Directed by Peter Schechner

© Photograhs by Max Waldman, 1969

As a second example of the performative turn I will take Richard Schechner's performance Dionysus in 69, a special fusion of theatre and the ritual that was supposed to bring about transformations both in the performers and the spectators. Schechner's understanding of the performative turn was linked to his critic of the textual culture and the contemporary industrial society. Thus it can be interpreted as a turn from text to performance, a deliberate opposition to the written tradition that has become a burden. As Erika Fischer-Lichte summons his views: 

»A new performative turn is needed that will transform the solid and fixed textual culture of the past into a fluid, ever-changing performative culture of the future that will grant the missing dimensions. Theatre can contribute to the performative turn required when it sets out to threat 'the text as is it were part of an oral tradition'. The fixed text has to be dismembered in order to allow the ever-changing performance to emerge.« [i]

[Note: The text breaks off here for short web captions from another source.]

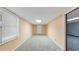 Unfinished basement offers potential with carpeted floor, window, and a door to another room at 742 Wilkes Dr, Loganville, GA 30052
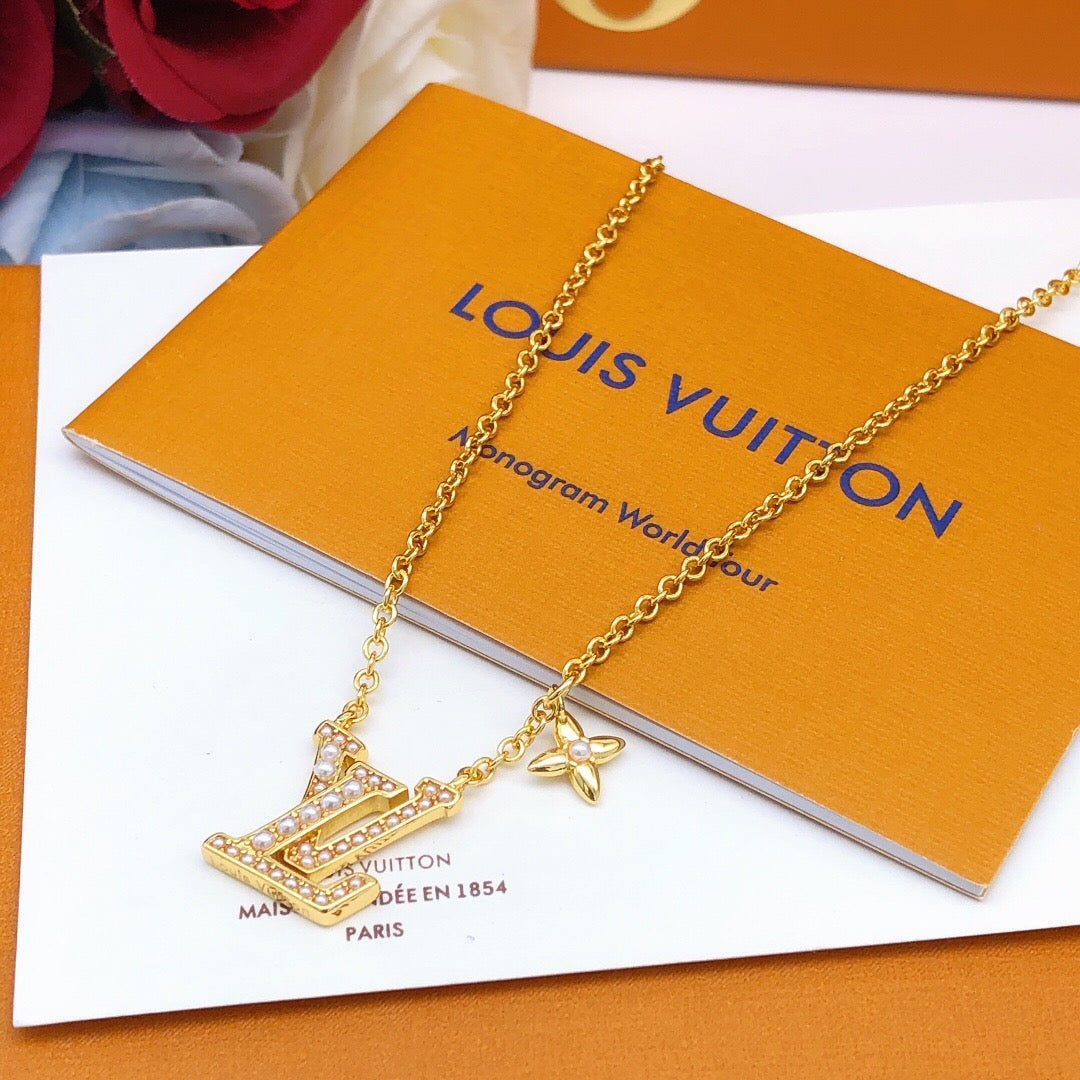 Martin Graham pendant necklace in polished metal-tone – detail view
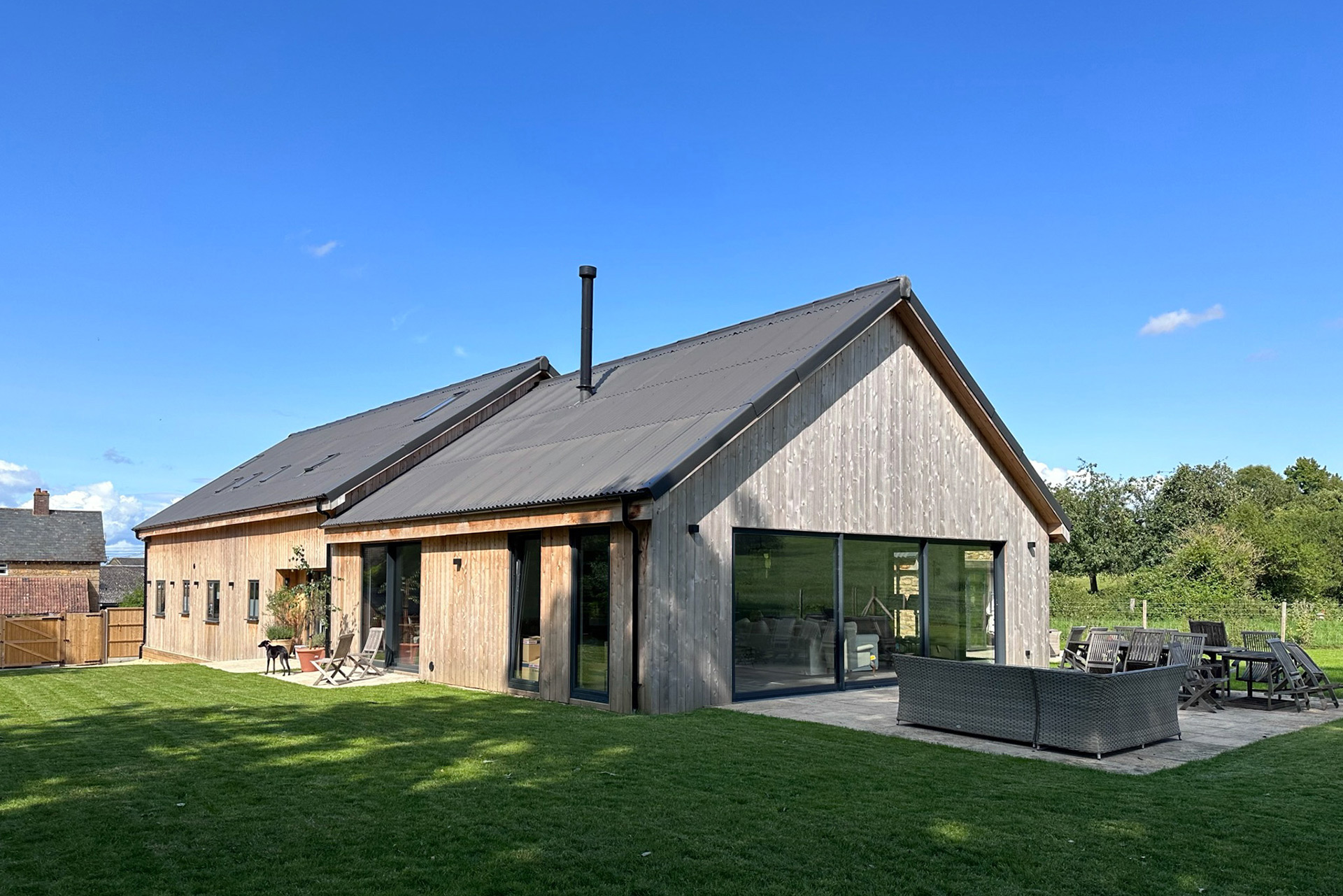rear view of barn conversion with timber clad walls and corrugated black roof with outside seating area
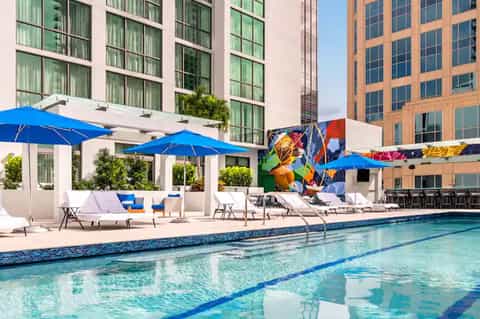 Resort pool with blue umbrellas, loungers, colorful mural art, and modern building backdrop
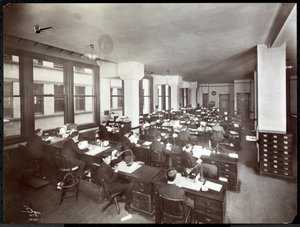 Män och en kvinna som arbetar vid skrivbord på ett kontor på Metropolitan Life Insurance Co. på 23rd Street och Madison Avenue, New York, 1907 (silvergelatintryck)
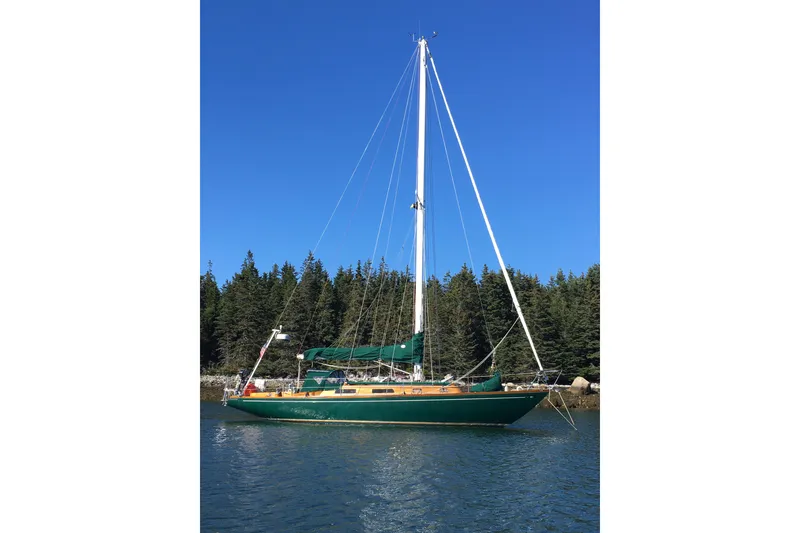 The Image of 1969 Ohlson 38 sailboat anchored on calm water with forest backdrop. - 1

Our presentation will try to locate some traces of the performative turn of the 1960-s and 1970-s in the theatre and performing arts of the last two decades. We will try to identify and describe the traces of this »cultural revolution« of the turn of the century in texts, performances and concepts of selected contemporary theatrical and performing art practicians. Within their work we will attemp to detect some provisionary answers to the big questions the performative revolution of the turn of the century proposed. Namely opening up the new possibilities for the theatricalization of politics, economics, law, arts and everyday life. Establishing theatre and performing arts as a cultural model.


As we summoned up in the introduction, the specific turn from the referential to performative function resulted in various forms or explorations of physical as well as psychological limits in both the artist and the audience. Members of the audience thus found themselves in an in-between position, a state of liminality that produced a destabilisation of spectator's perception of himself, the others and reality. But – as Marvin Carlson states in his Performance, a critical introduction, when describing the unstable position of the resistant performance – the idea that in such performances »'real women, real presence and real time' could be separated from their 'representations' could not easily be reconciled with the growing feeling that so-called 'reality' was itself experienced only through representation. «[ii]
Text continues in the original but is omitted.